Exercise inputs below:

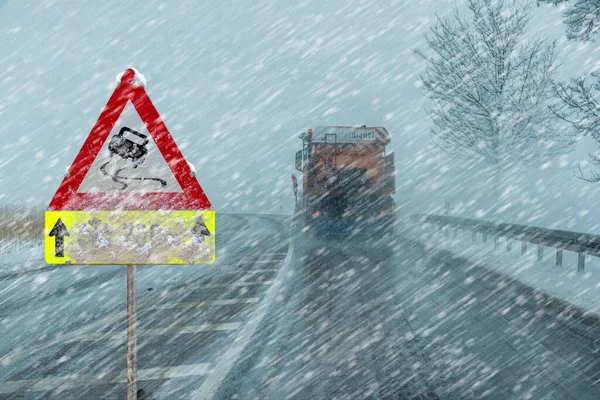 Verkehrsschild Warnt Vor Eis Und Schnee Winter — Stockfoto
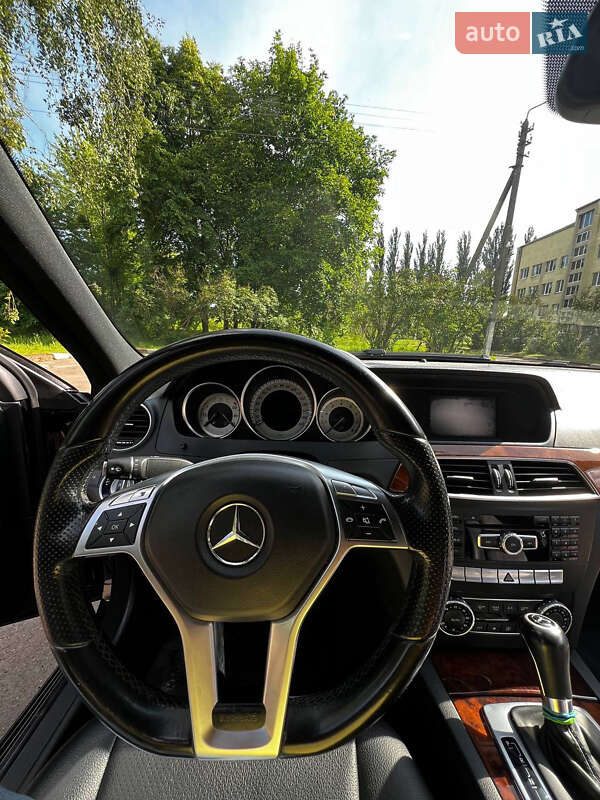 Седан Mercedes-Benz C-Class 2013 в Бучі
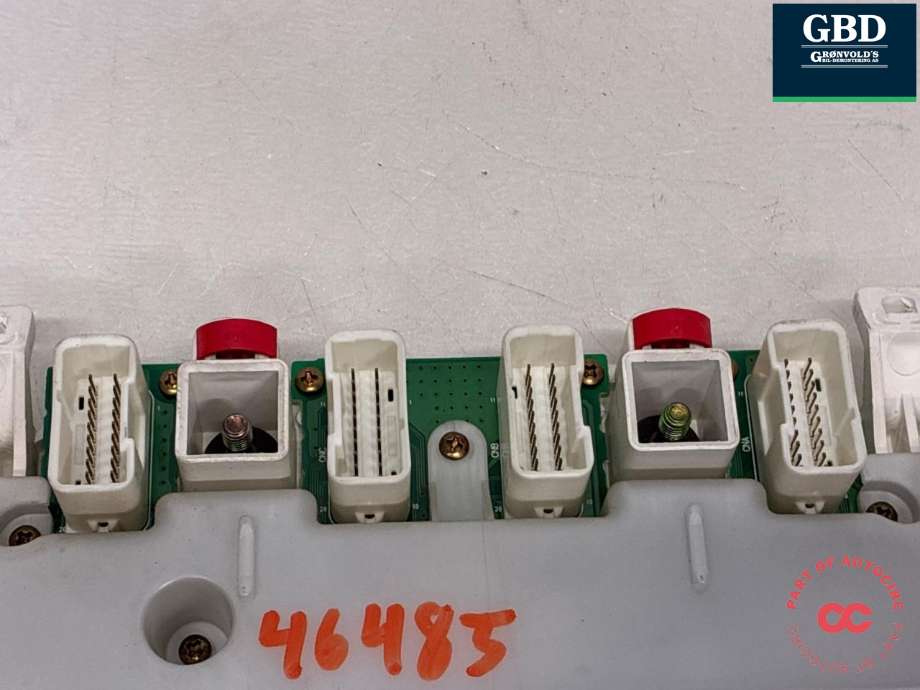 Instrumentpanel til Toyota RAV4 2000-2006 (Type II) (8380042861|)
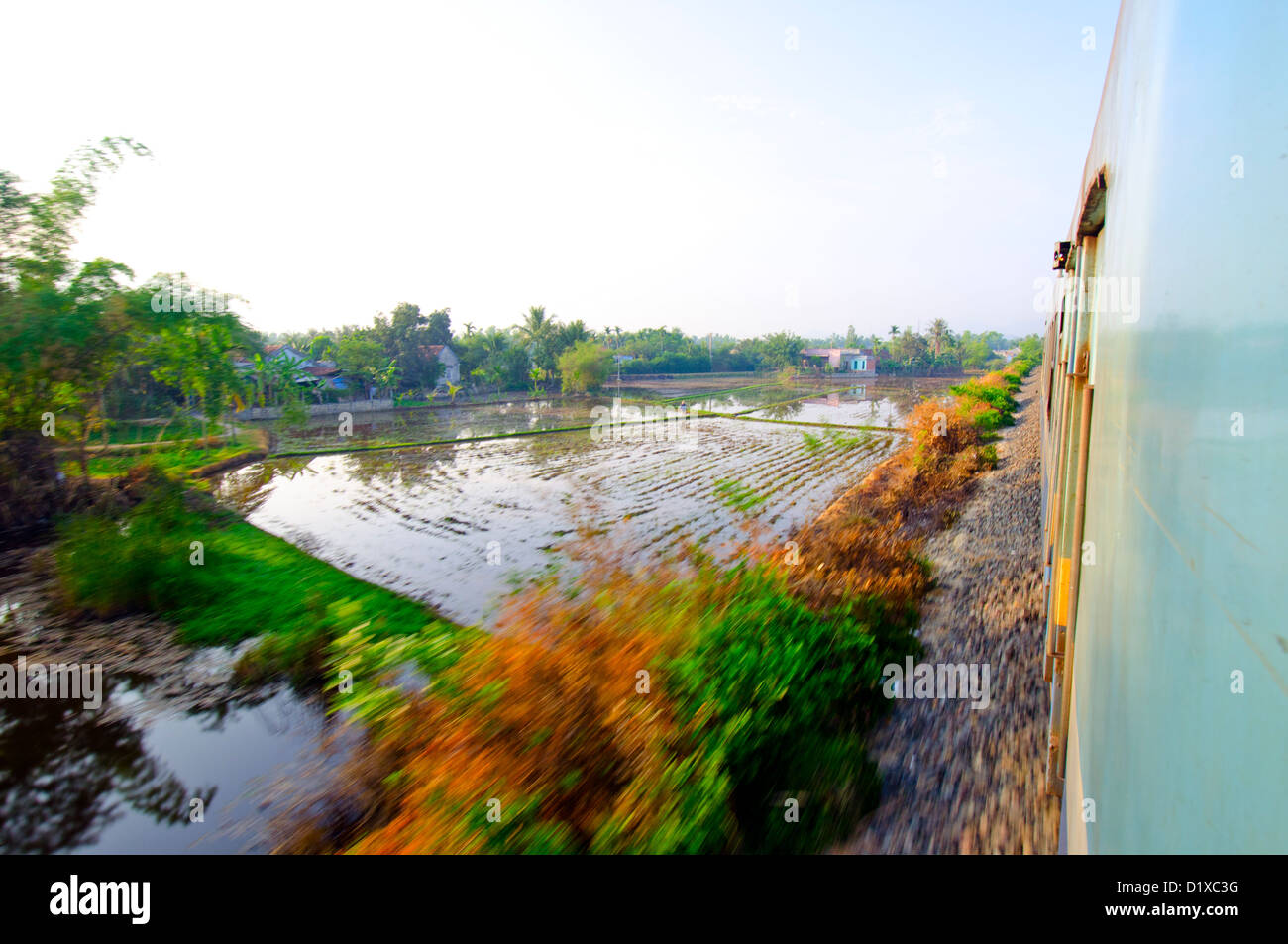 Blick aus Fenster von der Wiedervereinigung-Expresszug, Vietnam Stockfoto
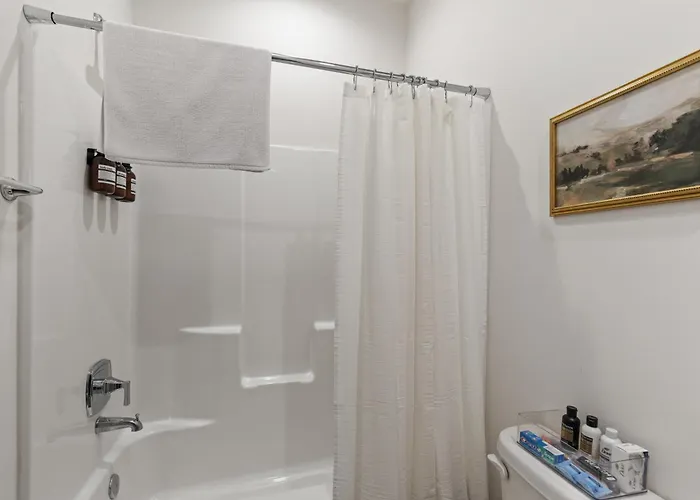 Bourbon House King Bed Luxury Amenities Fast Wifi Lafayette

End of Exercise inputs.

* **Exercise directions**: Word for word, retype the lines from the one that contains "Седан Mercedes-Benz C-Class 2013 в Бучі" through the final line of the data, both ends included, excluding pictures.

* **Written answer**:
 Седан Mercedes-Benz C-Class 2013 в Бучі
 Instrumentpanel til Toyota RAV4 2000-2006 (Type II) (8380042861|)
 Blick aus Fenster von der Wiedervereinigung-Expresszug, Vietnam Stockfoto
 Bourbon House King Bed Luxury Amenities Fast Wifi Lafayette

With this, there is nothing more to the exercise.